You can get the latest source code using git. Then you can execute the install goal with Maven to build the project.
$ git clone https://github.com/rcsb/coordinates-compression.git
$ cd coordinates-compression
$ mvn install
The install goal will compile, test, and package the project’s code and then copy it into the local dependency repository which Maven maintains on your local machine.
If you use Maven for the first time, these links can be useful:
Where to download Maven
How to install Maven
Maven exec plugin lets you run the main method of a Java class in the project, with the project dependencies automatically included in the classpath.

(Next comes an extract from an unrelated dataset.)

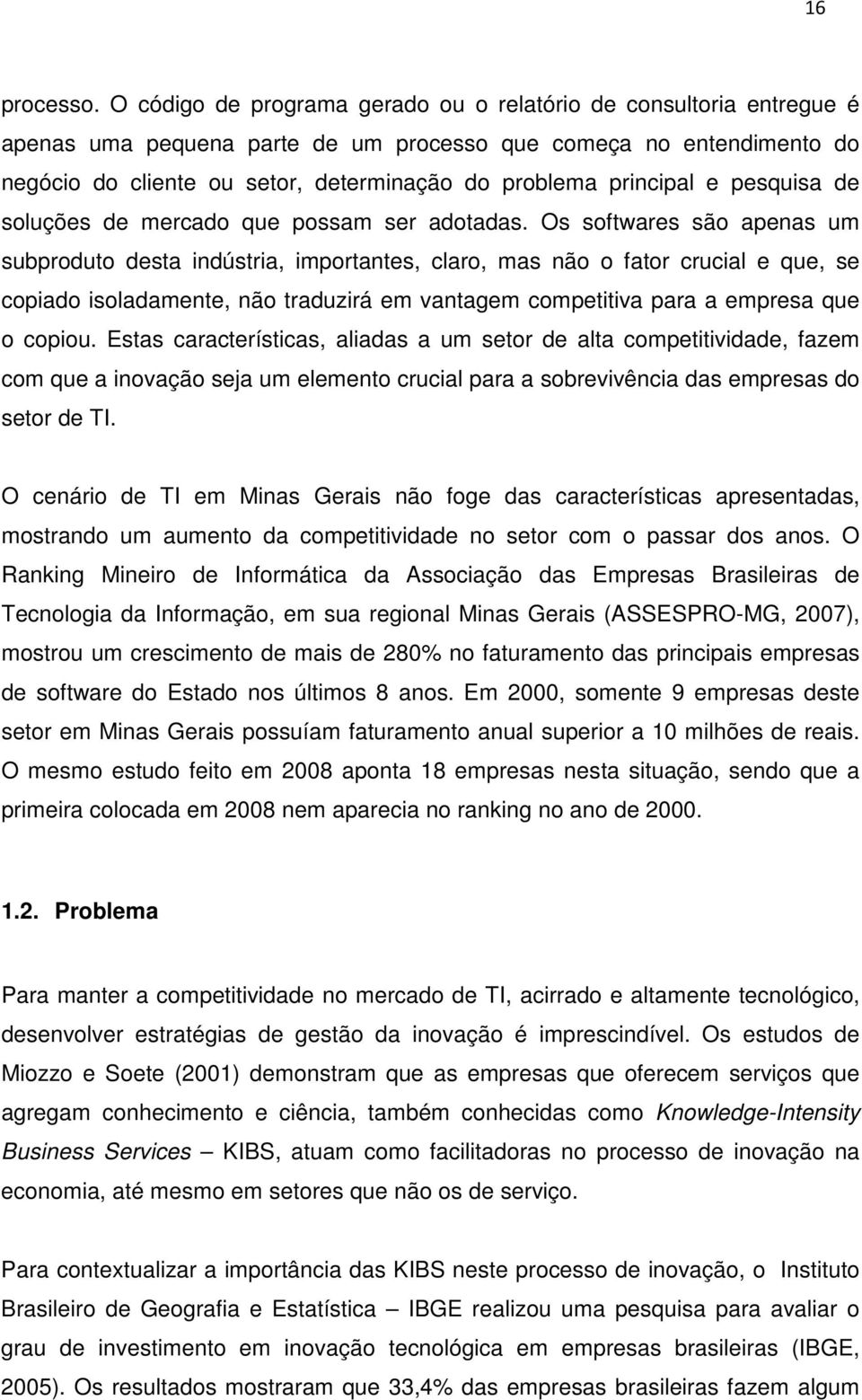 principal e pesquisa de soluções de mercado que possam ser adotadas.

The proposed approaches are implemented as two types of strategies: (i) intramolecular compression that operates on the sequence of atoms within a polymer chain; and (ii) intermolecular compression designed for the compression of special cases of multiple chains with identical atoms, such as NMR models and structures with repeated identical subunits.

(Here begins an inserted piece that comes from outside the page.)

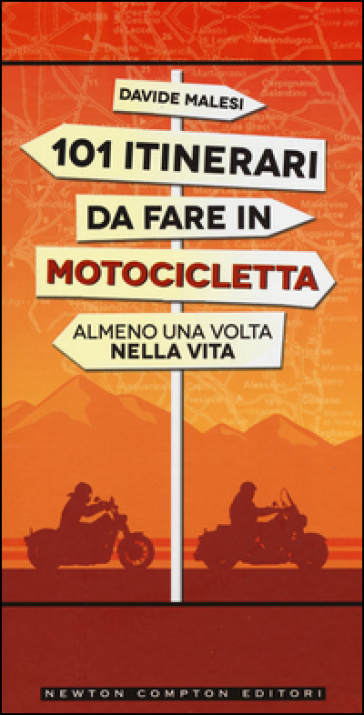 101 itinerari da fare in motocicletta almeno una volta nella vita - Davide Malesi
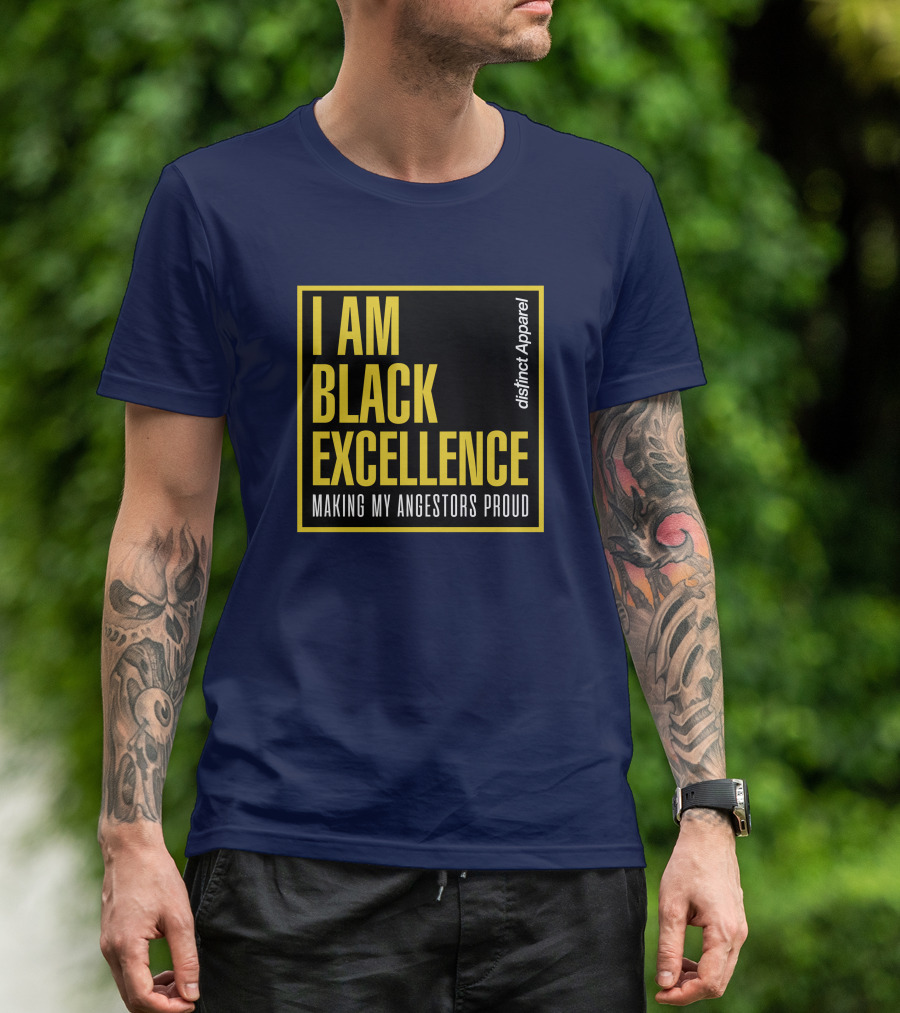 I Am Black Excellence Distinct Apparel Making My Ancestors Proud T-Shirt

mvn exec:java -Dexec.mainClass="org.rcsb.mmtf.analysis.RunTotalAnalysis" -Dexec.args="arg1 arg2"
arg1
: path to a Hadoop sequence file with the PDB structures in MMTF format
arg2
: path to the existing folder to write the results
mvn exec:java -Dexec.mainClass="org.rcsb.mmtf.analysis.RunEnsamblesAnalysis" -Dexec.args="arg1 arg2"
arg1
: path to a Hadoop sequence file with the PDB structures in MMTF format
arg2
: path to the existing folder to write the results
Note: You may need to increase the memory allocation pool for a Java Virtual Machine. Use -Xms option to increase the Java heap size to 8G when running the analysis.
export MAVEN_OPTS="-Xms8G"
You can download a Hadoop sequence file with the PDB structures in MMTF format.
$ wget http://mmtf.rcsb.org/v1.0/hadoopfiles/full.tar
$ tar -xvf full.tar
This will get and unpack the content of the Hadoop Sequence File to a full folder.